(What you will do):
Would you please return the lines of the entries below starting at the line that has "Children's Table and" and ending at the line that has "Vintage PU Soft", both included, exactly as they are?

-- Material to process follows --

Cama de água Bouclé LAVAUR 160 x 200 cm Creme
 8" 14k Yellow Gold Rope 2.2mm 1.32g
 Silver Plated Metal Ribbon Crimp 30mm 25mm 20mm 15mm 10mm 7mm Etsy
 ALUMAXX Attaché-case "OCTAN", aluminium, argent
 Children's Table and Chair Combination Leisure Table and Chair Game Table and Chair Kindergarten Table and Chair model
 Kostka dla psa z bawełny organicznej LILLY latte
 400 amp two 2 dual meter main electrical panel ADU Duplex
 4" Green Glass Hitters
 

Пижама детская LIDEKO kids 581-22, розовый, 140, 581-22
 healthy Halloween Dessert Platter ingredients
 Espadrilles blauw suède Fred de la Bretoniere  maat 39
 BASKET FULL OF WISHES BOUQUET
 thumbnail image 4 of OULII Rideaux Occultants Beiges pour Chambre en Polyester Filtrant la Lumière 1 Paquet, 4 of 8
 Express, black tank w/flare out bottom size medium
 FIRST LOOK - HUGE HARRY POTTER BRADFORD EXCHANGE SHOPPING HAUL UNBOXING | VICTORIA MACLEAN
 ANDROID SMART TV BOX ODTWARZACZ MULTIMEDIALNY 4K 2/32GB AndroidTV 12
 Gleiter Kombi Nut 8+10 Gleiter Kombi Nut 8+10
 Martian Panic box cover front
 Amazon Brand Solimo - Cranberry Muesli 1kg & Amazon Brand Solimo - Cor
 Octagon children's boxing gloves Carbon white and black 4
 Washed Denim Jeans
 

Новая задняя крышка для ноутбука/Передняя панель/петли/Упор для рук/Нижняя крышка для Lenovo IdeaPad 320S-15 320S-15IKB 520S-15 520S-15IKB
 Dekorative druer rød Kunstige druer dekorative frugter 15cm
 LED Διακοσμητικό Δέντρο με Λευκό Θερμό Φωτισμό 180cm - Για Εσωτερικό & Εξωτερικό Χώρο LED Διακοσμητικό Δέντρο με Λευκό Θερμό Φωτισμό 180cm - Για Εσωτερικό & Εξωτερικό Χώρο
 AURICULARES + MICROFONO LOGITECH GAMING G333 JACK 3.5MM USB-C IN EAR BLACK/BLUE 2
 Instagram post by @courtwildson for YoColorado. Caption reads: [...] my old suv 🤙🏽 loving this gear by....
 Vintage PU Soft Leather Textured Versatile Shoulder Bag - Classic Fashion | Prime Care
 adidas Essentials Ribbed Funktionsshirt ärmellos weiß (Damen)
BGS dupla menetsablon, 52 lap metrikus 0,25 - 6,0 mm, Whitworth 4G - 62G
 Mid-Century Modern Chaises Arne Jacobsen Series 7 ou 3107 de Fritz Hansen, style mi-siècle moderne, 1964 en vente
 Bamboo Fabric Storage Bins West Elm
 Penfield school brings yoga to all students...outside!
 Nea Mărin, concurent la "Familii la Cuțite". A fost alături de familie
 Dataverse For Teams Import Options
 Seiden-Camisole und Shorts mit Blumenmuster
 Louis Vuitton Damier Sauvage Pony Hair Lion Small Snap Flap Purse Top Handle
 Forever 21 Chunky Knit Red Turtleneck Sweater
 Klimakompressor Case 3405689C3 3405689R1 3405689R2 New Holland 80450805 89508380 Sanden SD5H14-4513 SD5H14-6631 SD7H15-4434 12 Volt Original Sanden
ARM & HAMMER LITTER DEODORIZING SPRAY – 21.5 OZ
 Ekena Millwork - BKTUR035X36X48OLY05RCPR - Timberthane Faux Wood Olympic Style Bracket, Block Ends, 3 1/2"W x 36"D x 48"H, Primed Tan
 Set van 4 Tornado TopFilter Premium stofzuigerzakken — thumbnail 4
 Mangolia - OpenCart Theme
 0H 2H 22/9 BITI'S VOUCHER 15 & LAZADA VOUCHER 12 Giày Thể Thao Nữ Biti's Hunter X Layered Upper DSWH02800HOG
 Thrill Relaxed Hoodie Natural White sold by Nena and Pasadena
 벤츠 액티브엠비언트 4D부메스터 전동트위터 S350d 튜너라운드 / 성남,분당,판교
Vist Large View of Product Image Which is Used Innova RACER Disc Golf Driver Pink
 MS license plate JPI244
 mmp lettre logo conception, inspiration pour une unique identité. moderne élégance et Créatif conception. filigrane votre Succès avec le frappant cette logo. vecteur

-- Material to process concluded --

(Result of this task):
 Children's Table and Chair Combination Leisure Table and Chair Game Table and Chair Kindergarten Table and Chair model
 Kostka dla psa z bawełny organicznej LILLY latte
 400 amp two 2 dual meter main electrical panel ADU Duplex
 4" Green Glass Hitters
 

Пижама детская LIDEKO kids 581-22, розовый, 140, 581-22
 healthy Halloween Dessert Platter ingredients
 Espadrilles blauw suède Fred de la Bretoniere  maat 39
 BASKET FULL OF WISHES BOUQUET
 thumbnail image 4 of OULII Rideaux Occultants Beiges pour Chambre en Polyester Filtrant la Lumière 1 Paquet, 4 of 8
 Express, black tank w/flare out bottom size medium
 FIRST LOOK - HUGE HARRY POTTER BRADFORD EXCHANGE SHOPPING HAUL UNBOXING | VICTORIA MACLEAN
 ANDROID SMART TV BOX ODTWARZACZ MULTIMEDIALNY 4K 2/32GB AndroidTV 12
 Gleiter Kombi Nut 8+10 Gleiter Kombi Nut 8+10
 Martian Panic box cover front
 Amazon Brand Solimo - Cranberry Muesli 1kg & Amazon Brand Solimo - Cor
 Octagon children's boxing gloves Carbon white and black 4
 Washed Denim Jeans
 

Новая задняя крышка для ноутбука/Передняя панель/петли/Упор для рук/Нижняя крышка для Lenovo IdeaPad 320S-15 320S-15IKB 520S-15 520S-15IKB
 Dekorative druer rød Kunstige druer dekorative frugter 15cm
 LED Διακοσμητικό Δέντρο με Λευκό Θερμό Φωτισμό 180cm - Για Εσωτερικό & Εξωτερικό Χώρο LED Διακοσμητικό Δέντρο με Λευκό Θερμό Φωτισμό 180cm - Για Εσωτερικό & Εξωτερικό Χώρο
 AURICULARES + MICROFONO LOGITECH GAMING G333 JACK 3.5MM USB-C IN EAR BLACK/BLUE 2
 Instagram post by @courtwildson for YoColorado. Caption reads: [...] my old suv 🤙🏽 loving this gear by....
 Vintage PU Soft Leather Textured Versatile Shoulder Bag - Classic Fashion | Prime Care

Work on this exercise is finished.